Mercurial > hg > toybox
changeset 1286:5bdd2ee6f3c4 draft
Here's a quick cleanup of md5sum. Executive summary: smaller and faster.
On my machine, for a 2.2 GB file of random bytes, the timings with
warm cache are:
toybox before: 11.4 seconds
toybox after: 8.3 seconds
GNU md5sum: 3.9 seconds
openssl dgst -md5: 3.5 seconds
This is clearly better than before (3x openssl), but still slow (2x openssl).
I suspect there is more low-hanging fruit to be had by eliminating the
memcpy in hash_update (maybe not too much - hash_update accounts for
about 4% of total runtime versus 92% for md5_transform according to
perf - but this would also help sha1sum).

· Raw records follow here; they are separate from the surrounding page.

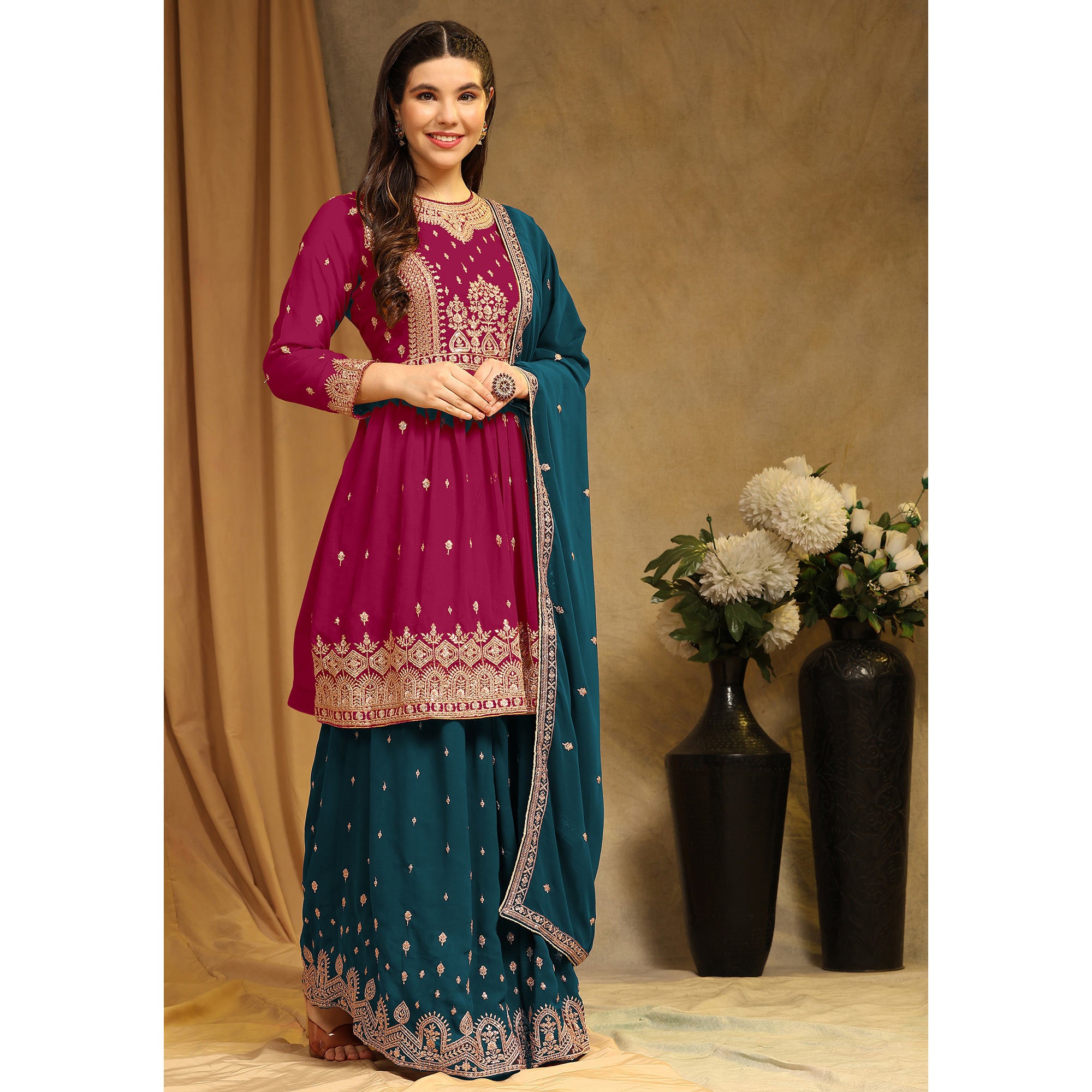 Pink Floral Embroidered Georgette Semi Stitched Sharara Suit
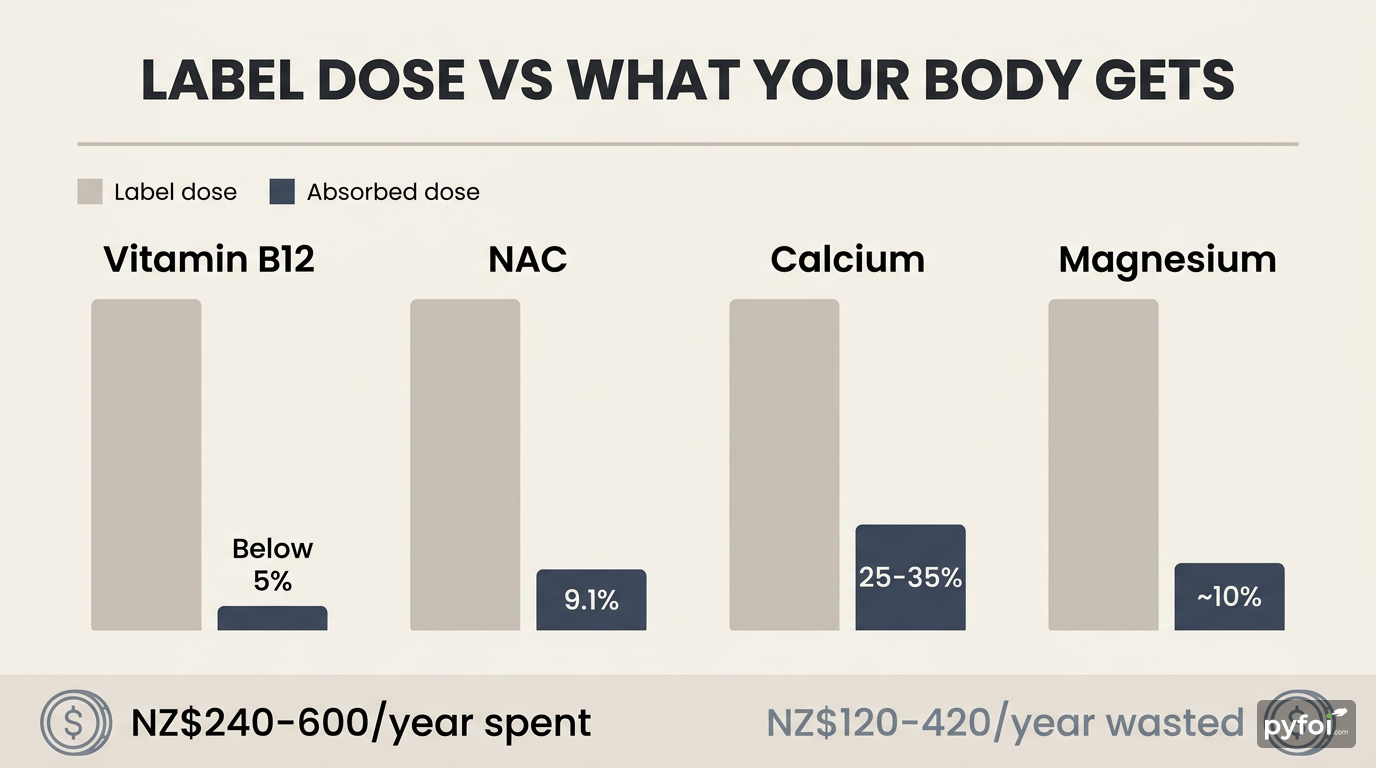 Four-column comparison chart showing label dose versus absorbed dose for Vitamin B12, NAC, Calcium, and Magnesium, with absorption percentages ranging from 5% to 35%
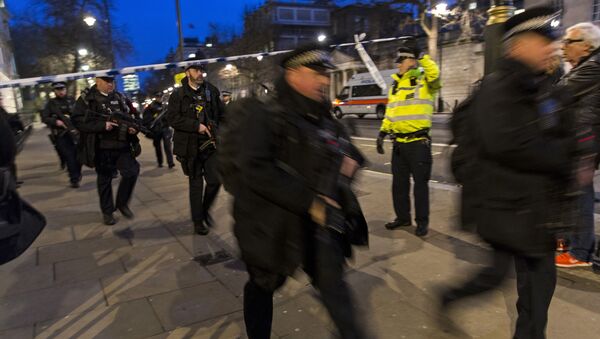Вооруженная полиция у здания парламента в Лондоне, где накануне произошел теракт - اسپوتنیک ایران  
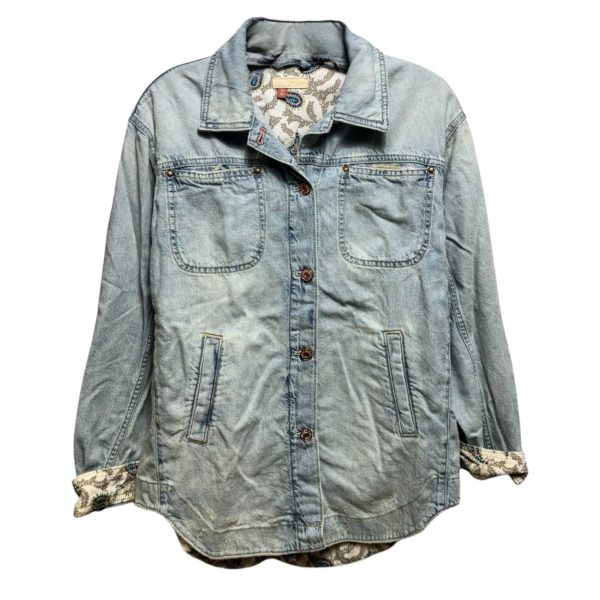 Drapey Denim Shirt Jacket By Pilcro In Blue Denim, Size: XS Online now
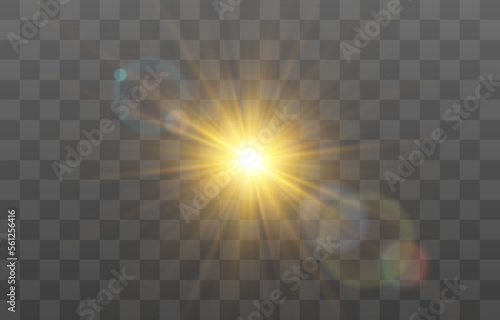 Vector glow light effect  bright sun. Vector transparent sunlight  special lens flare light effect. Sun or spotlight beams. Light png. Decor element isolated on transparent background.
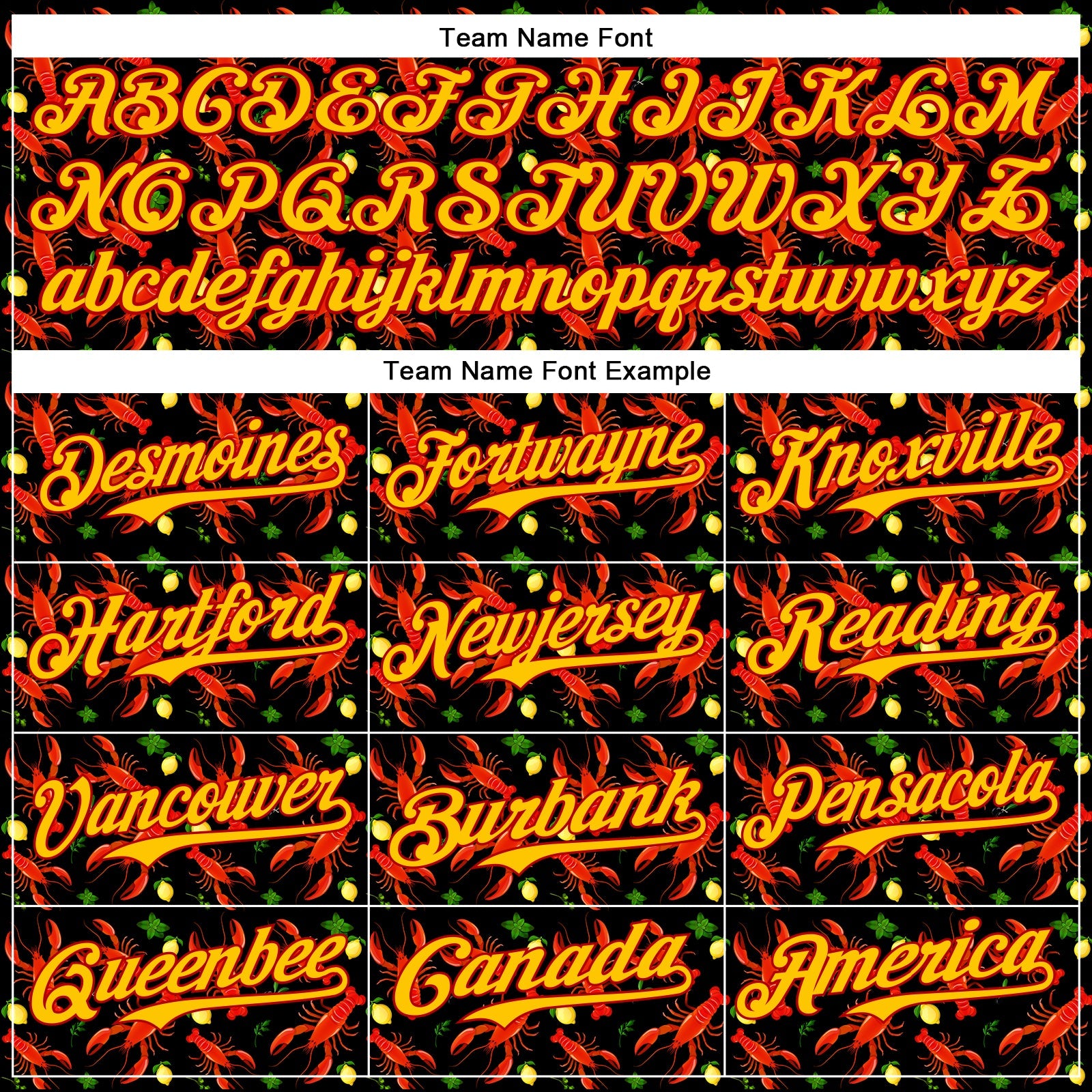 Custom Black Red-Yellow 3D Pattern Design Animal Lobster Fruit Lemon Authentic Baseball Jersey - Sky-Custom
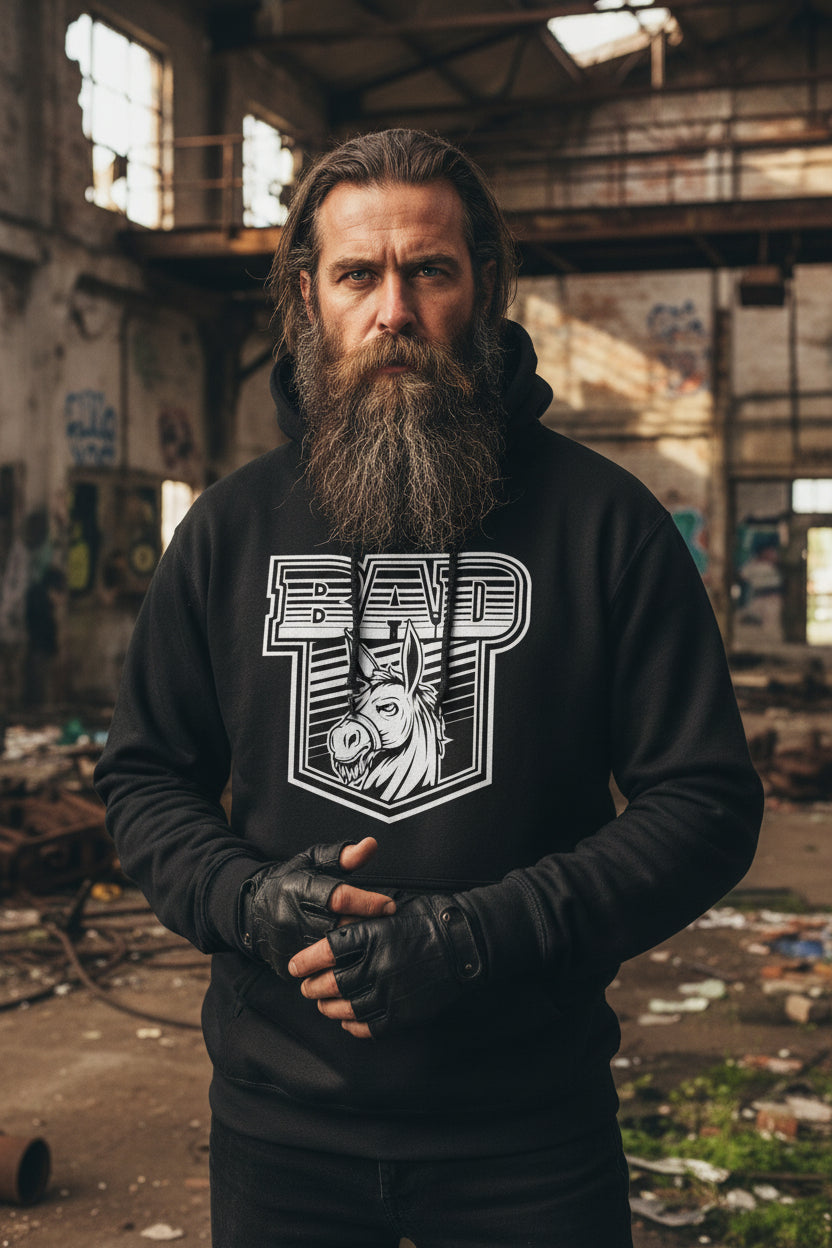 Bad Ass Bearded Donkey Fierce Beard Donkey Hoodie
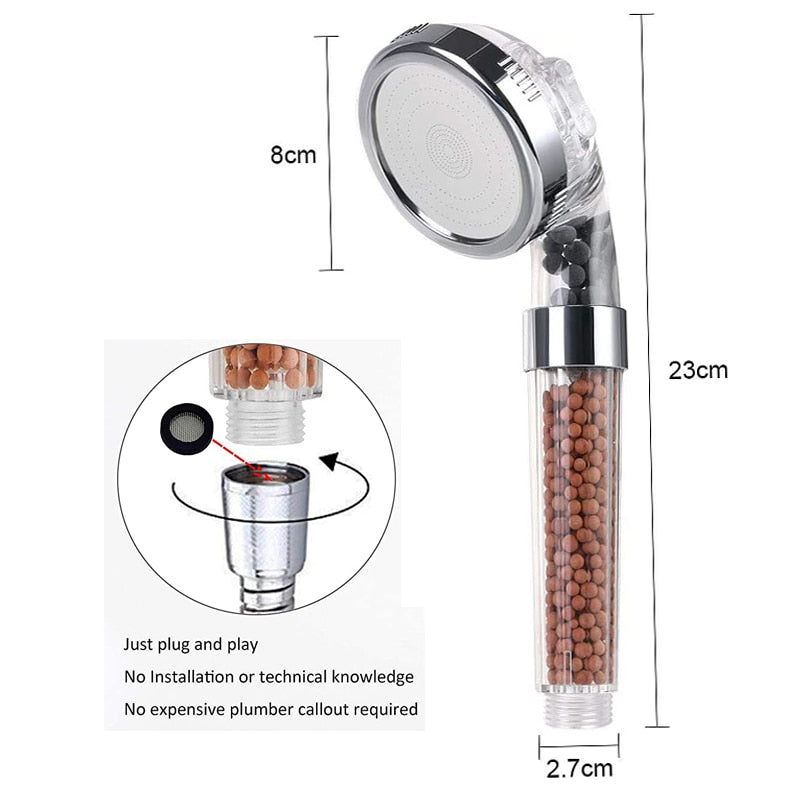 High Pressure Water Filter Shower Head freeshipping - khollect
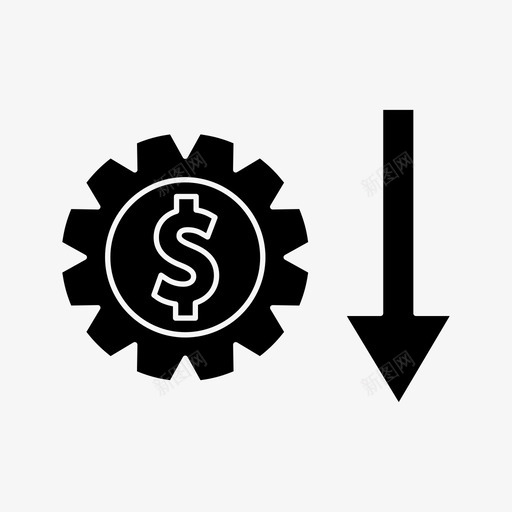 损失减少下降图标svg_新图网 https://ixintu.com 下降 保存 减少 办公业务字形 损失 赢得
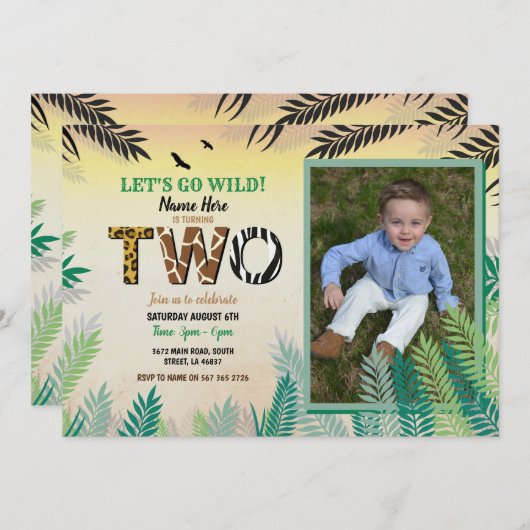 1つのジャングルの第2誕生会2のサファリの動物園の写真 招待状 (正面/裏面)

make bloatcheck on x86_64 gcc 4.8.2 -Os:
name old new delta
-----------------------------------------------------------------------
md5rot 0 64 64
md5_transform 365 223 -142
-----------------------------------------------------------------------
-78 total
Rationale for the changes:
Move definition of 'rol' up so it can be used in md5_transform. This
is purely cosmetic; it expands to exactly the same code.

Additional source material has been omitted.